__YOUR GOAL__
Starting at the first line of the data, please print exactly those lines through the one that holds "Bianca – Vestido", omitting every picture.

[Data excerpts]

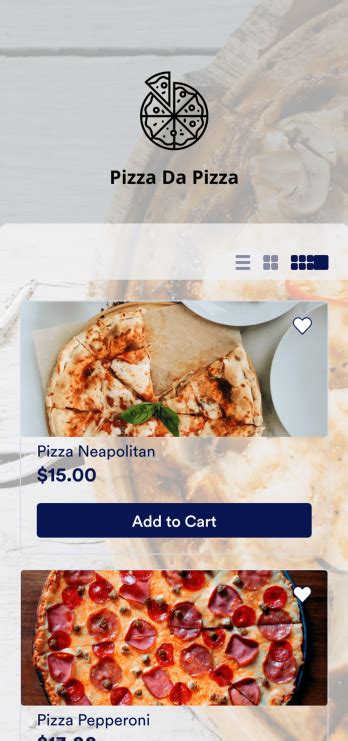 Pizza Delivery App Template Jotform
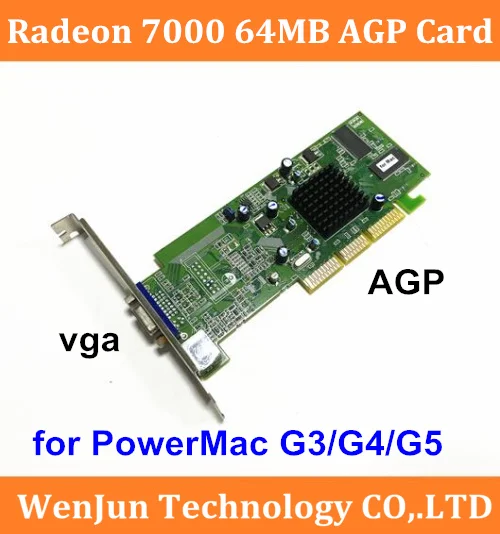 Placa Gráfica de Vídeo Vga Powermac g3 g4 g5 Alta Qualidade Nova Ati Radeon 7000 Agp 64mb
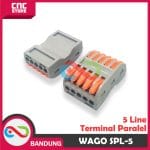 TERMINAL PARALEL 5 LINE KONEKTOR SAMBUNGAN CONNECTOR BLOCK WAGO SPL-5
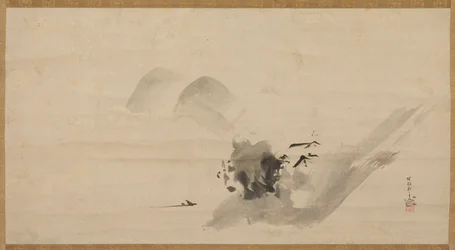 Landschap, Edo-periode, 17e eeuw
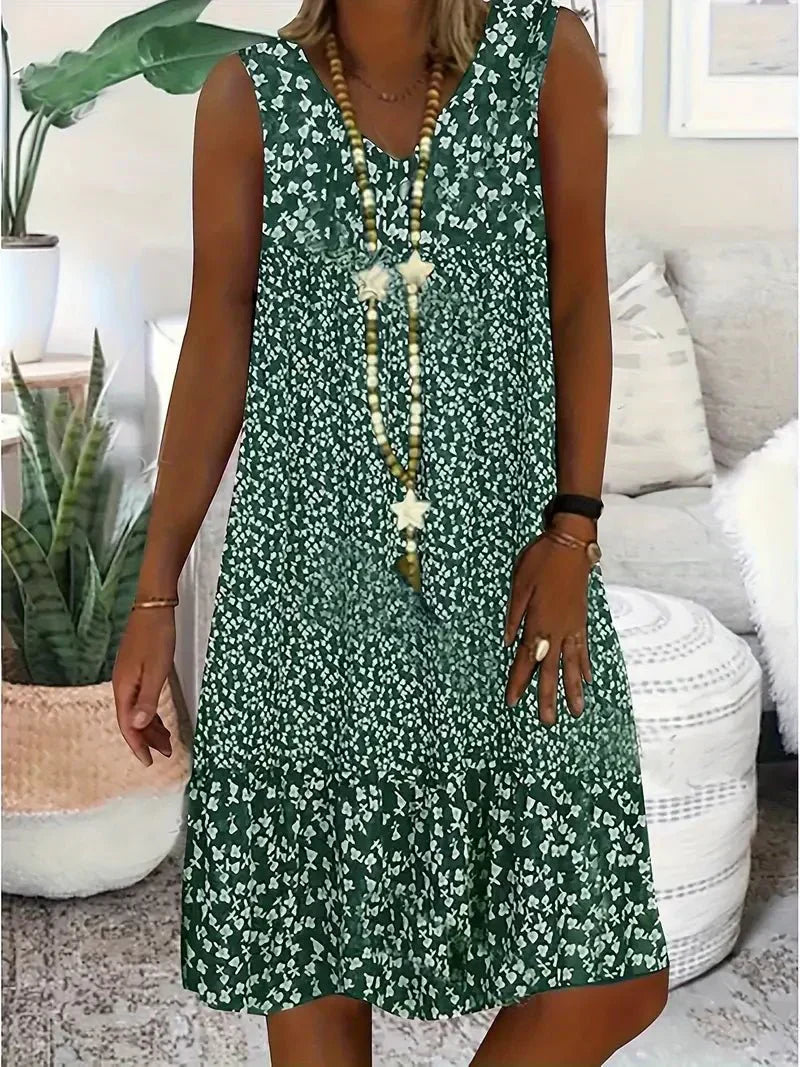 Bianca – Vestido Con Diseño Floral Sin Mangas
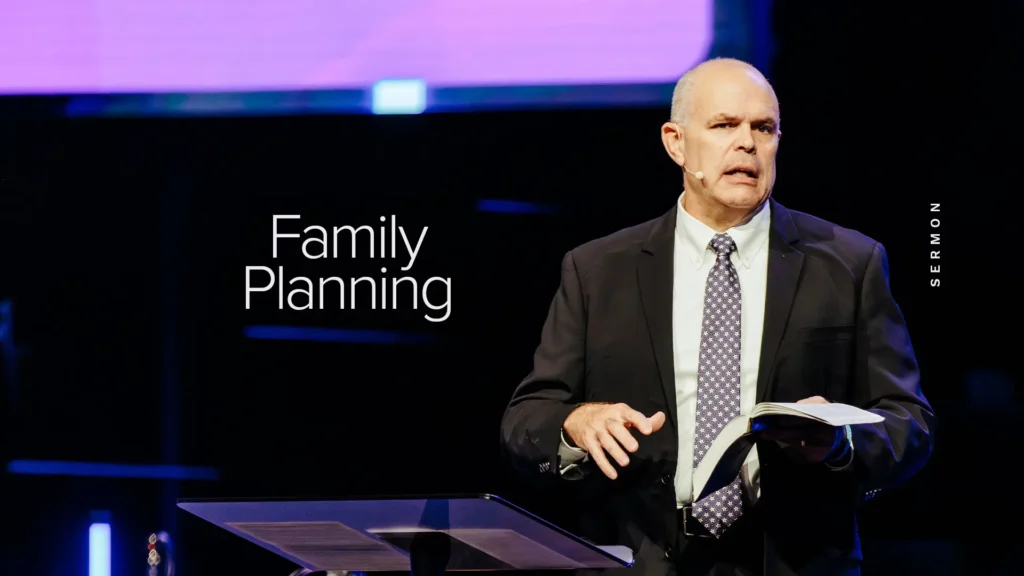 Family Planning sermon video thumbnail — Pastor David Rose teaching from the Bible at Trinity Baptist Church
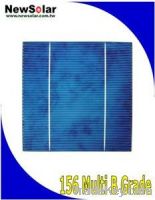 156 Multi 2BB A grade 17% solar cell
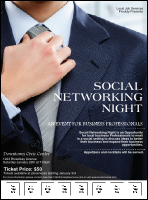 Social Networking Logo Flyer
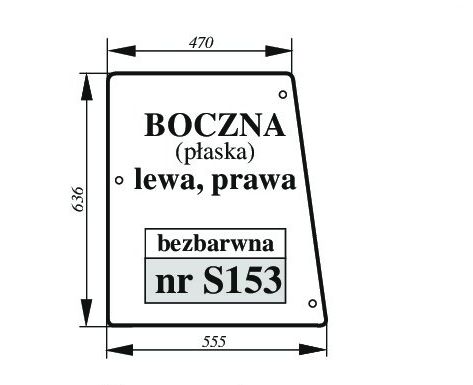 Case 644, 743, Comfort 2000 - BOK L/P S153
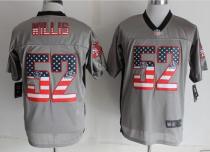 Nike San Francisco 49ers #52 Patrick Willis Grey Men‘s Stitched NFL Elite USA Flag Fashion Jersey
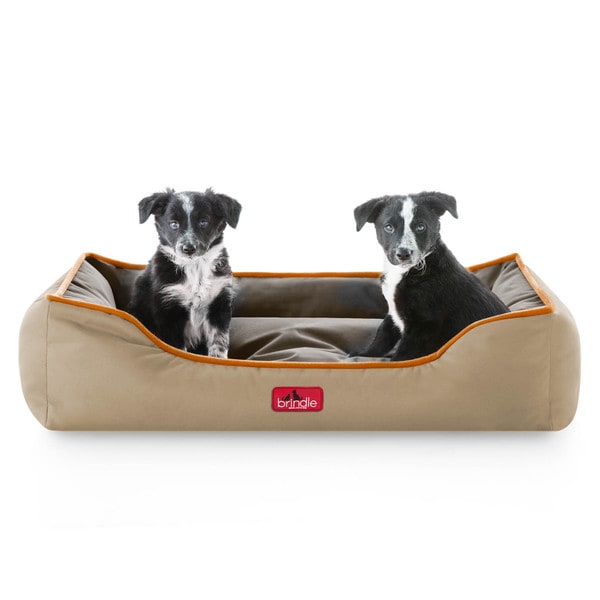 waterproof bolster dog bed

__RESULT__
 Pizza Delivery App Template Jotform
 Placa Gráfica de Vídeo Vga Powermac g3 g4 g5 Alta Qualidade Nova Ati Radeon 7000 Agp 64mb
 TERMINAL PARALEL 5 LINE KONEKTOR SAMBUNGAN CONNECTOR BLOCK WAGO SPL-5
 Landschap, Edo-periode, 17e eeuw
 Bianca – Vestido Con Diseño Floral Sin Mangas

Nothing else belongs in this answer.